WHAT YOU WILL DO — Every record needs to be repeated exactly; its pictures do not.

___ WORKING DATA ___

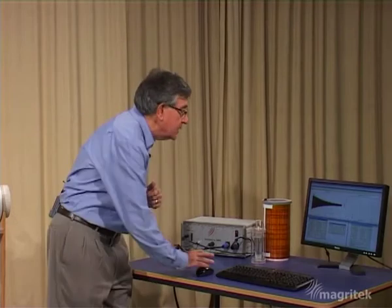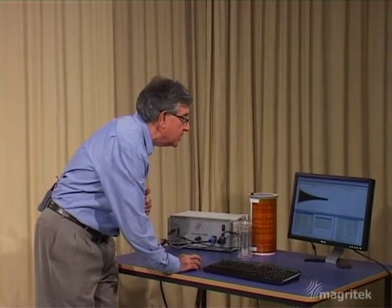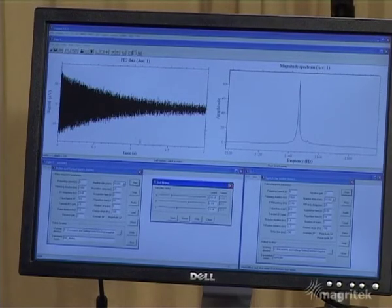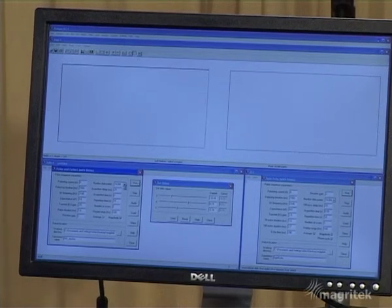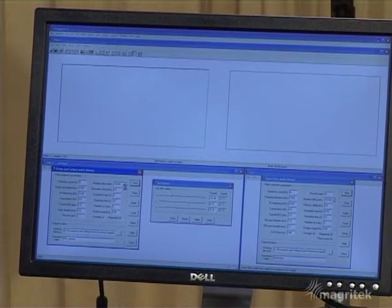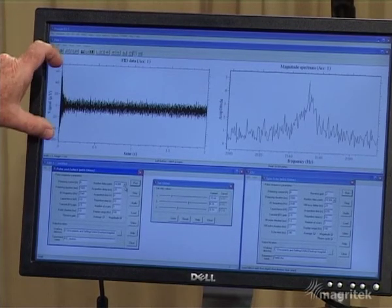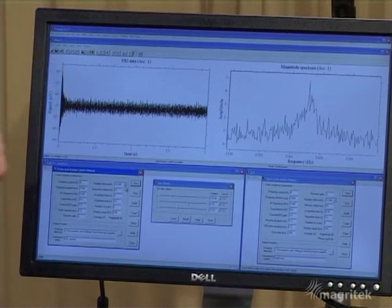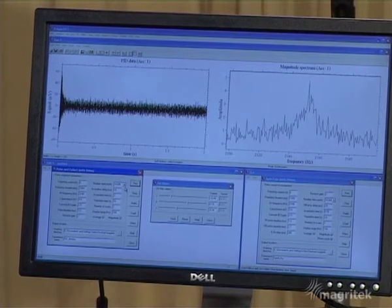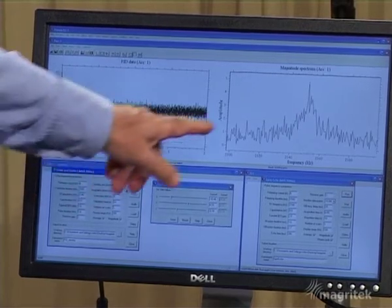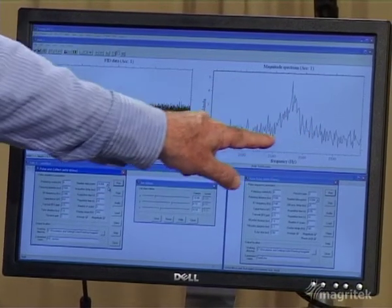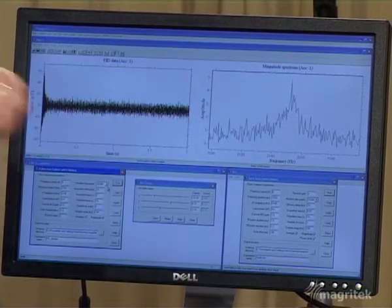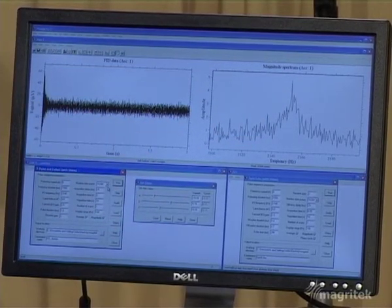By putting the wrong current through the shim coils we can produce a much shorter free induction decay. In order to demonstrate the spin echo trick, it turns out to be very helpful to do that, so I'm going to adjust the currents and run this again. We see a pre-polarizing pulse, a 90 degree pulse, and then a very rapid free induction decay under this now quite inhomogeneous field produced by having the wrong currents in the gradient coils. The result is a very broad spectrum, quite noisy because the height is reduced to conserve the total area.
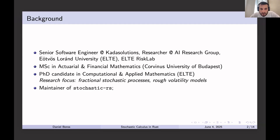My research focuses on fractional stochastic processes and volatility modeling in finance. And of course, I'm also the maintainer of the current package.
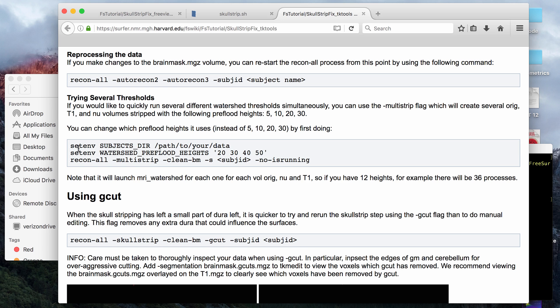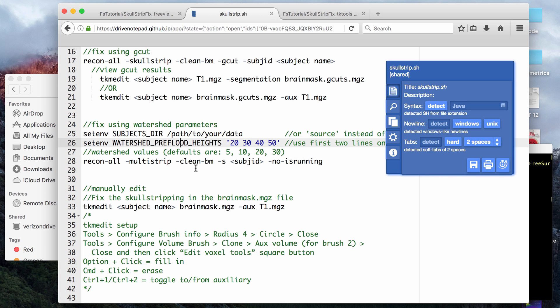If you go into... I usually use bash, but if you use cshell, then you can use set environment, and these first two lines will give the path to your data, and then you can put in whatever values you want. You can change the values here, and then you run this last line, which is the multi-strip command.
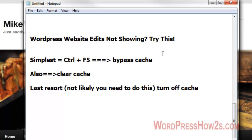So a cache is good, but a lot of times it'll interfere with doing WordPress website edits and the changes don't show up. So just hit your Control plus F5 buttons at the same time — that will bypass your cache.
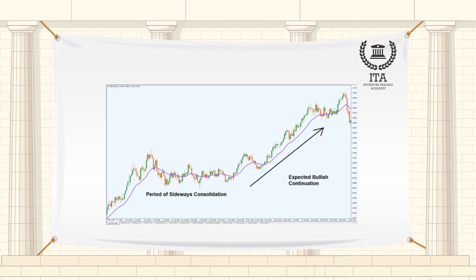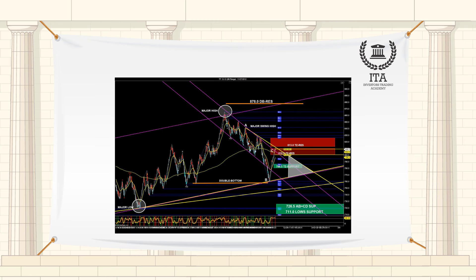We use candlesticks, pivot points, round numbers, and good old support and resistance levels when trading this strategy. No off-chart indicators — those appearing below the chart window in their own window, e.g. RSI, stochastics, and MACD — are necessary, but you may include your favorite if you find it useful or feel more comfortable having some extra confirmation. Some people might wish to incorporate Fibonacci levels, and that's fine too.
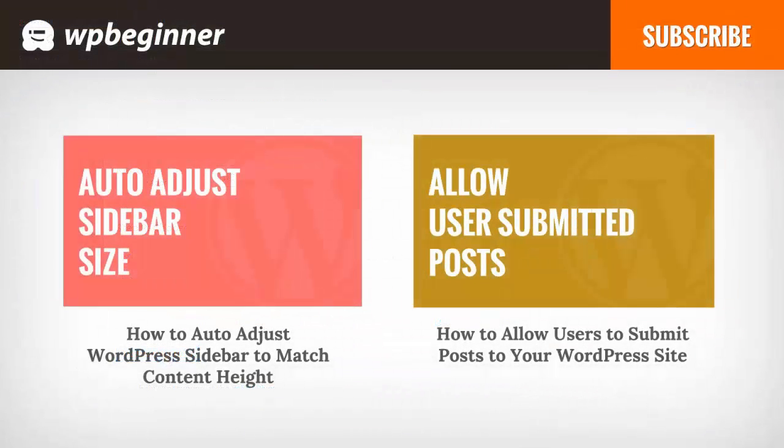I hope you liked this video and found it helpful. If you did, click on the like button below and leave us a comment. And if you want to receive more helpful videos, don't forget to subscribe to our channel and check out WPBeginner.com for more useful information on WordPress.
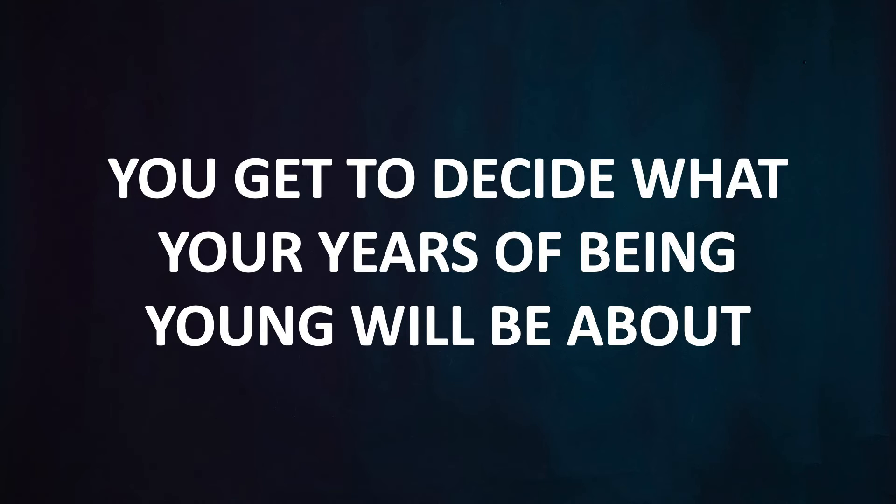You get to decide what your years of being young will be about. You get four years, that's 209 weeks of high school. Sounds like a lot, right? But it's not. And no matter how you use your time, you don't get those 209 weeks back. The important thing to remember is that you are the one who gets to choose. And it might not feel like it all the time, especially when your coach or your boss or whoever is telling you what to do, but ultimately the story of these four years of your life will come down to how you spent the majority of your time.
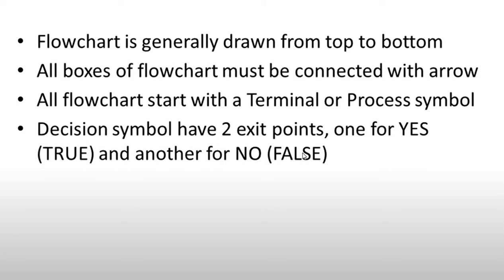The rules include starting with a terminal or process symbol. The decision symbol has two exit points, one for yes or true and another for no or false, and then we manipulate and put the control set.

___

WRITTEN REPLY —
By putting the wrong current through the shim coils we can produce a much shorter free induction decay. In order to demonstrate the spin echo trick, it turns out to be very helpful to do that, so I'm going to adjust the currents and run this again. We see a pre-polarizing pulse, a 90 degree pulse, and then a very rapid free induction decay under this now quite inhomogeneous field produced by having the wrong currents in the gradient coils. The result is a very broad spectrum, quite noisy because the height is reduced to conserve the total area.
My research focuses on fractional stochastic processes and volatility modeling in finance. And of course, I'm also the maintainer of the current package.
If you go into... I usually use bash, but if you use cshell, then you can use set environment, and these first two lines will give the path to your data, and then you can put in whatever values you want. You can change the values here, and then you run this last line, which is the multi-strip command.
So a cache is good, but a lot of times it'll interfere with doing WordPress website edits and the changes don't show up. So just hit your Control plus F5 buttons at the same time — that will bypass your cache.
We use candlesticks, pivot points, round numbers, and good old support and resistance levels when trading this strategy. No off-chart indicators — those appearing below the chart window in their own window, e.g. RSI, stochastics, and MACD — are necessary, but you may include your favorite if you find it useful or feel more comfortable having some extra confirmation. Some people might wish to incorporate Fibonacci levels, and that's fine too.
I hope you liked this video and found it helpful. If you did, click on the like button below and leave us a comment. And if you want to receive more helpful videos, don't forget to subscribe to our channel and check out WPBeginner.com for more useful information on WordPress.
You get to decide what your years of being young will be about. You get four years, that's 209 weeks of high school. Sounds like a lot, right? But it's not. And no matter how you use your time, you don't get those 209 weeks back. The important thing to remember is that you are the one who gets to choose. And it might not feel like it all the time, especially when your coach or your boss or whoever is telling you what to do, but ultimately the story of these four years of your life will come down to how you spent the majority of your time.
The rules include starting with a terminal or process symbol. The decision symbol has two exit points, one for yes or true and another for no or false, and then we manipulate and put the control set.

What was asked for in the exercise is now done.